**** DATA UNDER STUDY ****
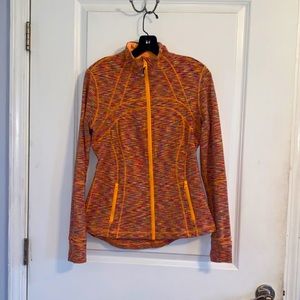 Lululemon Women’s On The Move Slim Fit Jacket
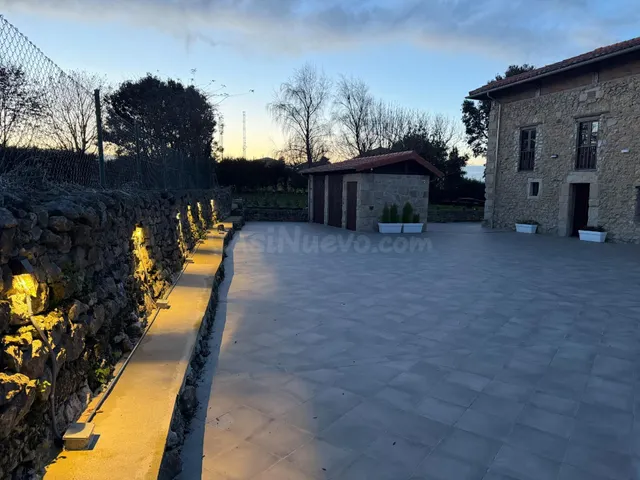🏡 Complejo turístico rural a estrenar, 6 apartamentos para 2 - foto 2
****
**** DATA UNDER STUDY ****
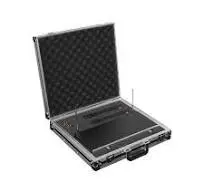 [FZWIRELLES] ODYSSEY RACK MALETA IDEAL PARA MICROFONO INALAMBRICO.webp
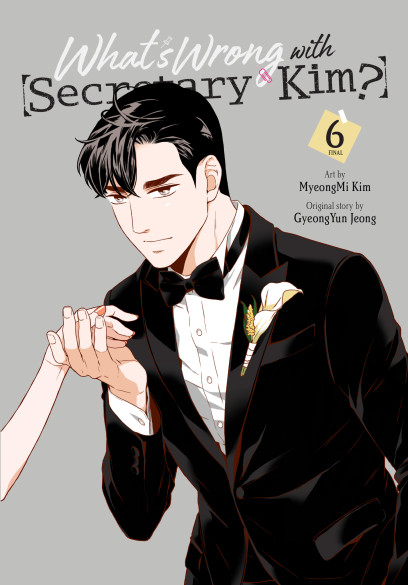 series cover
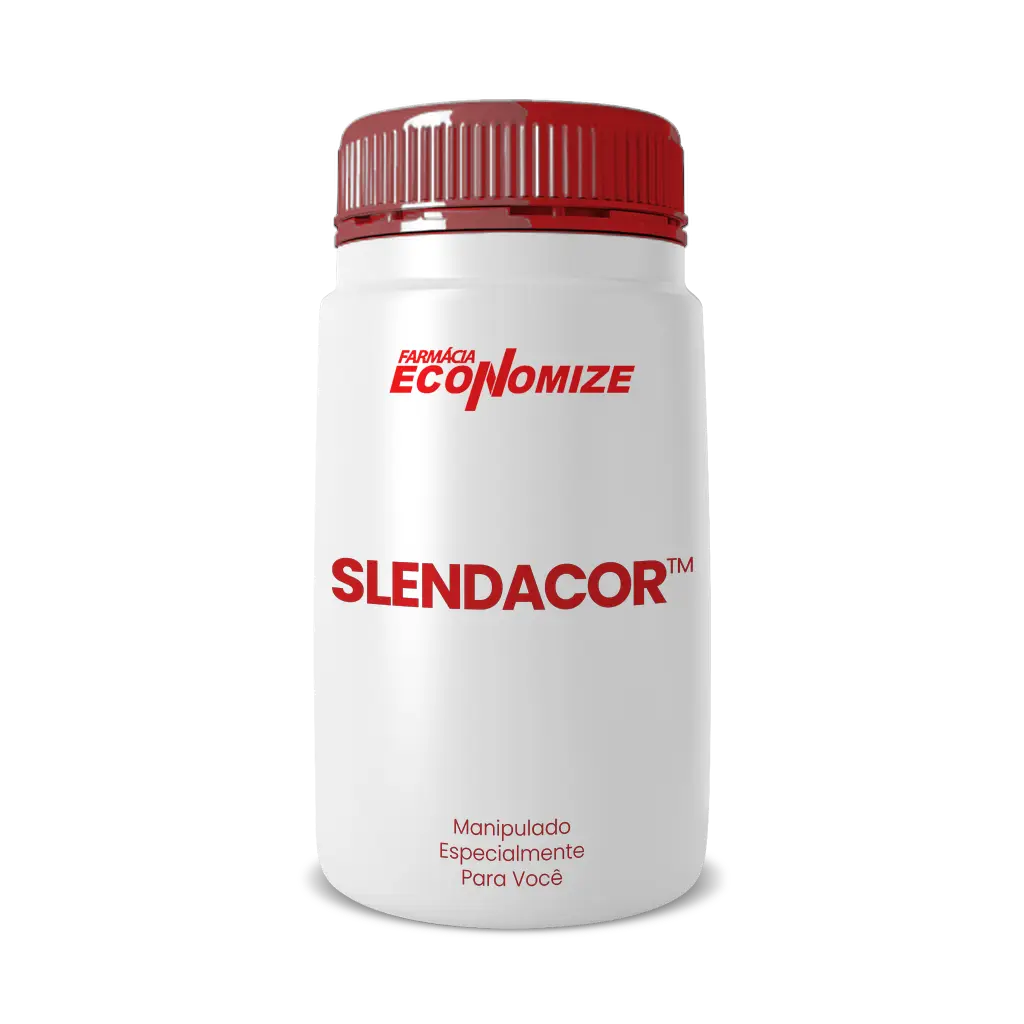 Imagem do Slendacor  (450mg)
****
- [WHAT IS BEING ASKED]: When you reach the line holding "[FZWIRELLES] ODYSSEY RACK" in the listing above, begin retyping exactly, and stop once the line holding "Imagem do Slendacor" is done; pictures stay out.

- [TASK RESPONSE]:
 [FZWIRELLES] ODYSSEY RACK MALETA IDEAL PARA MICROFONO INALAMBRICO.webp
 series cover
 Imagem do Slendacor  (450mg)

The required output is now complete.